The rupee collapsed, the government changed. Then under UNP led administration with the central bank under Governor A S Jayewardene inflation fell to almost zero despite rising oil prices helped by an appreciating exchange rate and a fuel price formula.
Then in 2004 as money was printed to subsidize oil with Wimal Weerawansa asking for the World Bank plug to be removed (price formula) inflation rocketed and the rupee fell. Then from December 2003 there was a credit collapse after the tsunami and the rupee stabilized and a BOP crisis was avoided.
In 2008 Sri Lanka ran into another crisis as oil was subsidized and Brent crude shot up to 137 dollars a barrel in the last gasp of the ‘mother of all liquidity bubbles’ fired by the US Fed. Brent crude which was about 58 US dollars in February 2007 rose to 138 by June 2008.
The 2011/2012 crisis was also connected to rising oil prices and also a drought which pushed up thermal generation. Brent crude rose from about 78 US dollars a barrel in September 2010 to 126 dollars by May, while a drought pushed up oil imports further.
The central bank in 2011, cut rates despite rocketing credit growth, driven by borrowings from petroleum and power utilities.
The 2015/2016 Yahapalanaya crisis was unique in that oil prices were collapsing in that period. It was purely driven by money printed to accommodate a runaway budget and unchecked liquidity releases.
This helped conclusively show that a 70 year old widely accepted Mercantilist myth that oil imports caused BOP crises in Sri Lanka false completely false.
In fact it is amusing to note that even the International Monetary Fund was saying in early 2015 that low oil prices would help the balance of payments. So did Fitch Ratings, showing that Mercantilist thinking is widespread.
In fact oil prices has no effect on the balance of payments. If oil prices fall, non-oil imports will go up, as people divert spending to other goods (or save more which is then loaned to others as credit by banks).
If oil prices go up and retail prices are also raised – absent subsidies and money printing- non-oil imports will fall. If oil retail prices are kept down, and money is printed non-oil imports will continue unchecked or grow, while oil imports will also grow with printed money generating a BOP crisis.

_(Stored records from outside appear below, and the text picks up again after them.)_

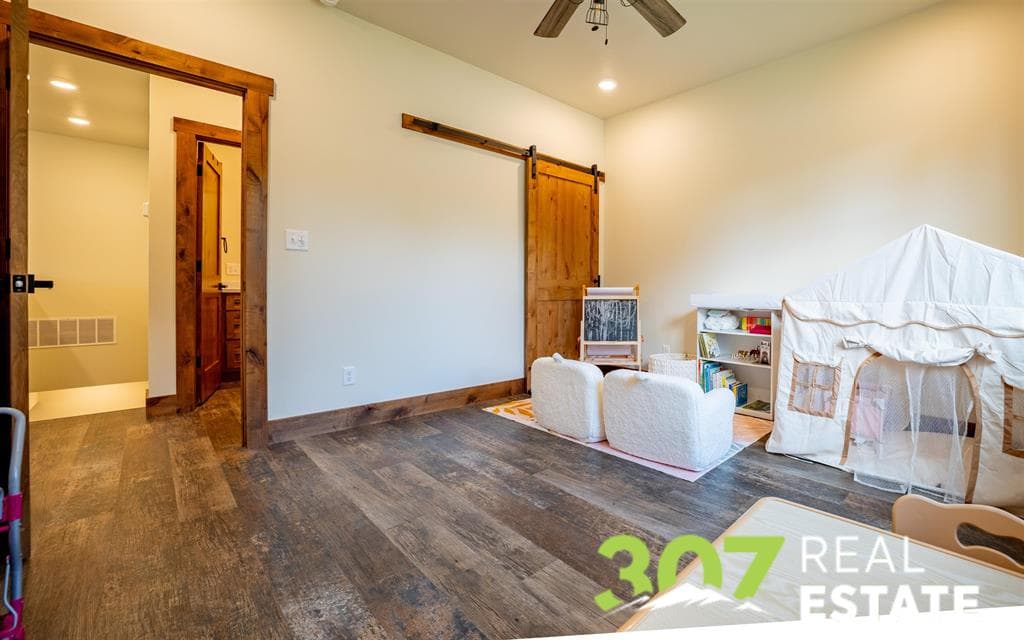 1513 22nd St — photo 17 of 25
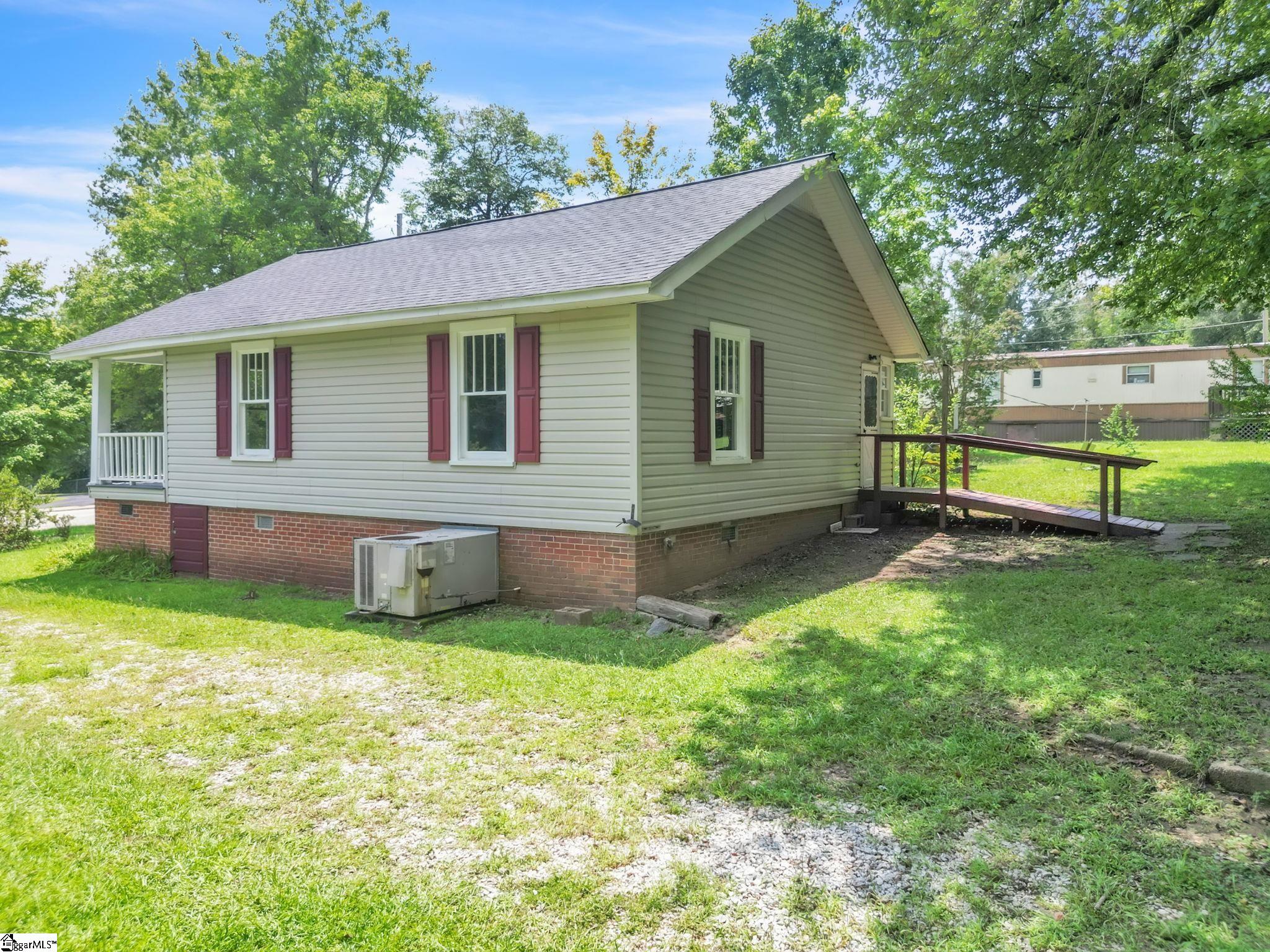 704 Slater Road Property Photo 29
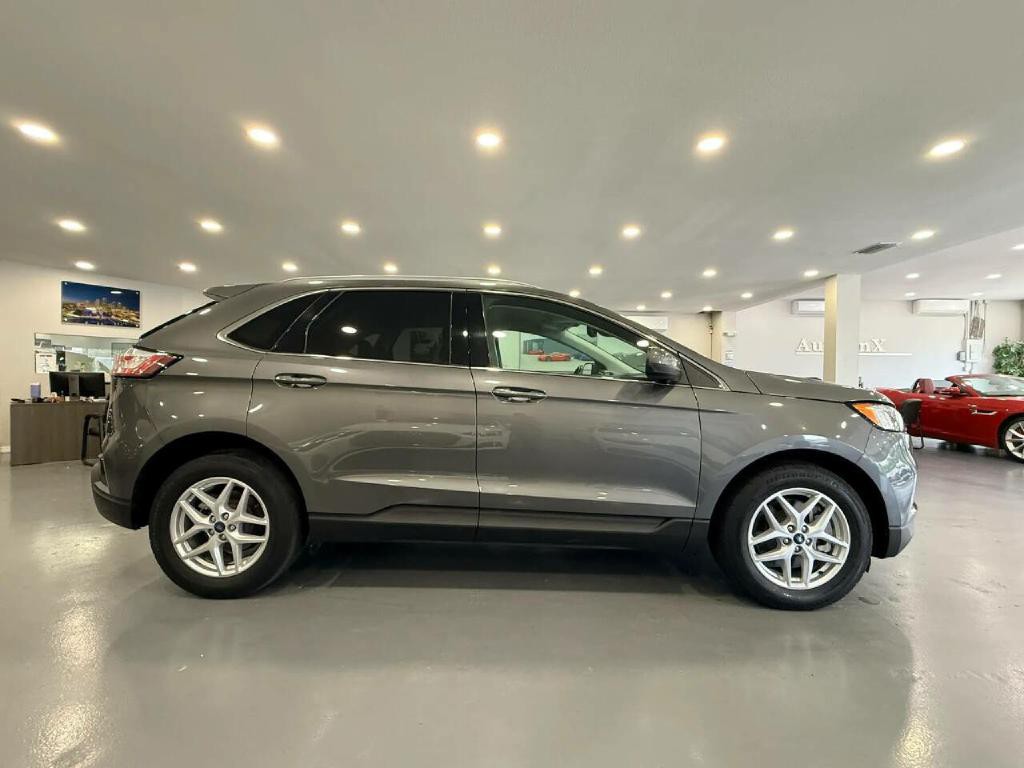 2021 Ford Edge Image 7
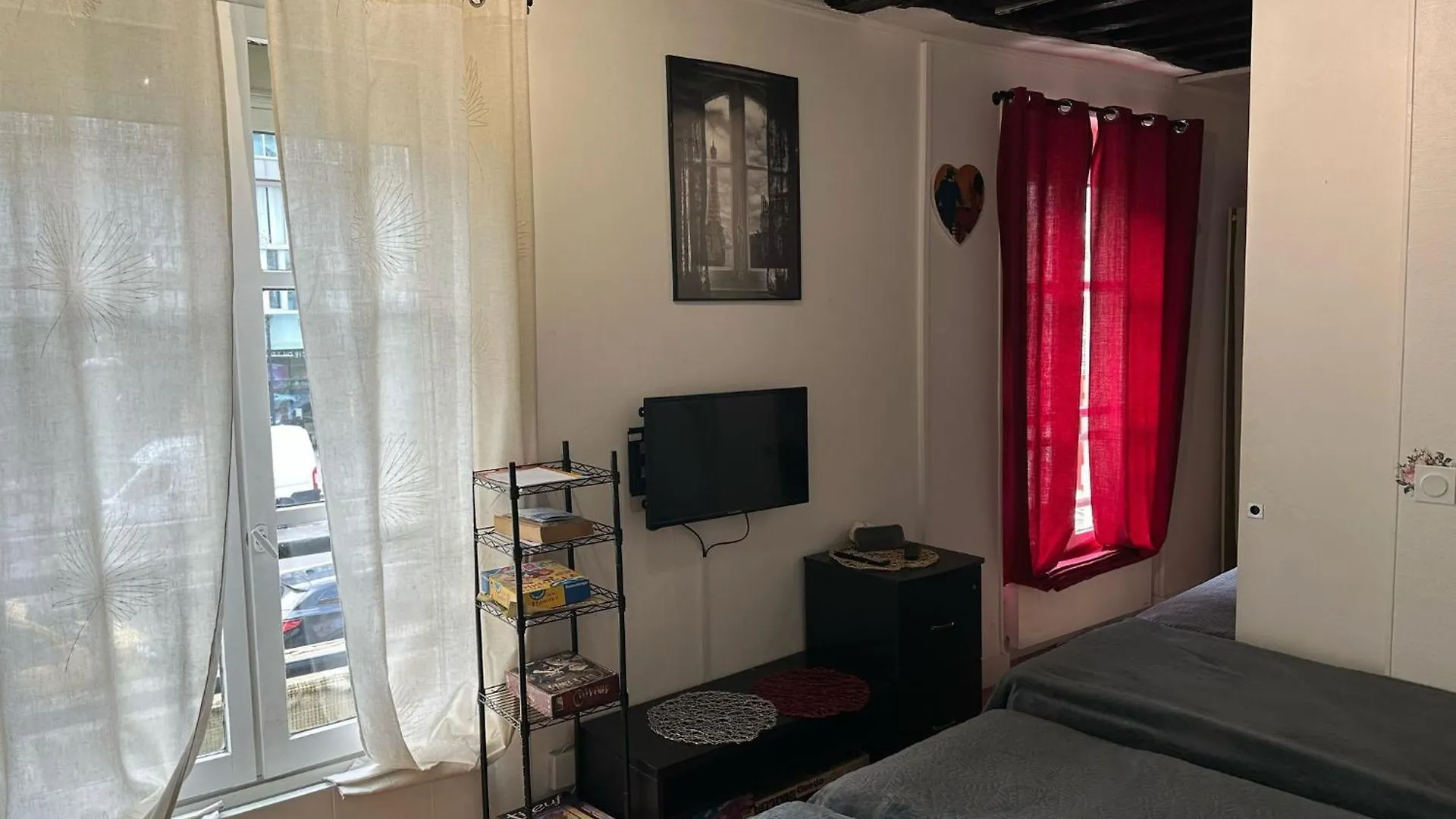Apartment Mon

Like in 2011, there was rate cut in April 2011 as private credit raged and the budget went off the rails. The central bank released 630 billion rupees of liquidity and lost 4 billion US dollars of forex reserves in the crisis.

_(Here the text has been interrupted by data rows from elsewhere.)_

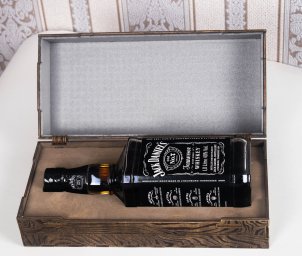 Макет "Деревянная коробка для виски Jack Daniels с гравировкой" 0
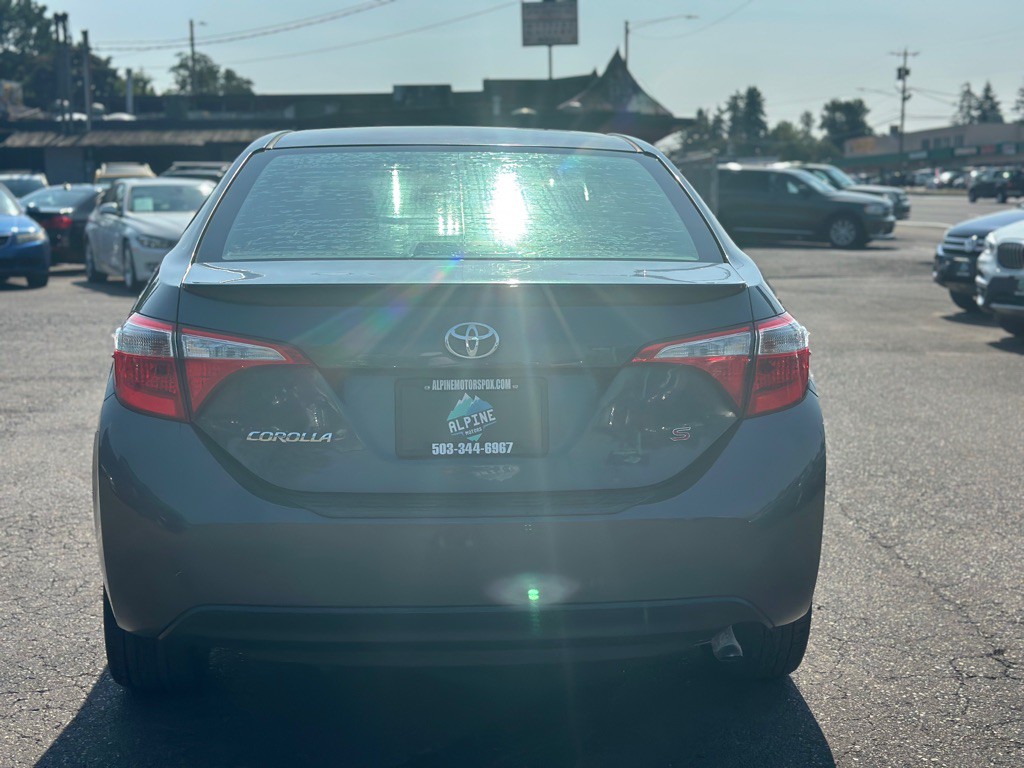 2016 Toyota Corolla Image 3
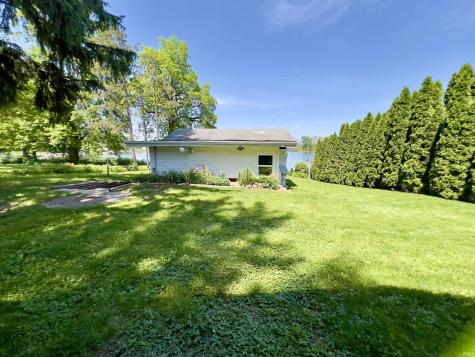 4784 E Shore Park Road Leesburg IN 46538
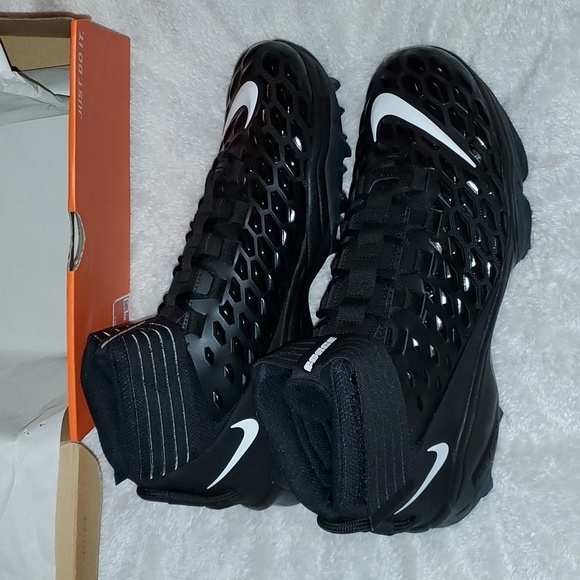 NIKE Men\'s Force Savage Pro 2 Shark P Size 16 Football Cleats main image 3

In Sri Lanka with foreigners now owning bonds, capital flight also starts as soon as the credibility of the soft dollar peg is undermined by the central bank, making for faster draw down on foreign reserves. When rates are cut foreign investors will also get profits if they cut and run.

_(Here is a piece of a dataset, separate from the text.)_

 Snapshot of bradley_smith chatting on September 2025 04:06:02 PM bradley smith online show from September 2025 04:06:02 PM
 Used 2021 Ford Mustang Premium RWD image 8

The 4 billion dollar question is, why did the central bank cut rates?
Bondscam Report
The recently released Bondscam Report presents a clue.
To digress, the bondscam report shows senior officials are remarkably if not hilariously clueless about what goes on in different areas of the country and also the activities of other departments. Some officials are also astonishingly clueless about their own departments.
How people can be so clueless is a mystery. But it also shows why market participants are able to run rings around some of these officials.
To get back to monetary policy, the testimony of key officials to the Bondscam Commission is revealing in terms of the thinking and how the BOP crisis was created in the first place.
It shows that fiscal dominance (pressure from the Treasury to print money) is not the reason for BOP crisis and high inflation.
Nandalal Weerasinghe, Deputy Central Bank Governor and a senior hand in charge of monetary policy was of the view that there was no need for rates to rise in February 2015.
“The witness stated that there was no reason to guide the Interest Rates up. He stated that if there is a need to guide the Interest Rates upwards or downwards, it should be done gradually, within the Policy Corridor,” the commission report said.
“In answer to a Question from the Commission, witness stated that the Board Paper submitted to the Monetary Board on 23rd February 2015, there was no recommendation to guide the Interest Rates upwards and even in the event of being decided that the Interest Rates should be guided upwards, it should have advocated the policy of gradualism. Sudden shock to Interest Rates will create implications to the economy.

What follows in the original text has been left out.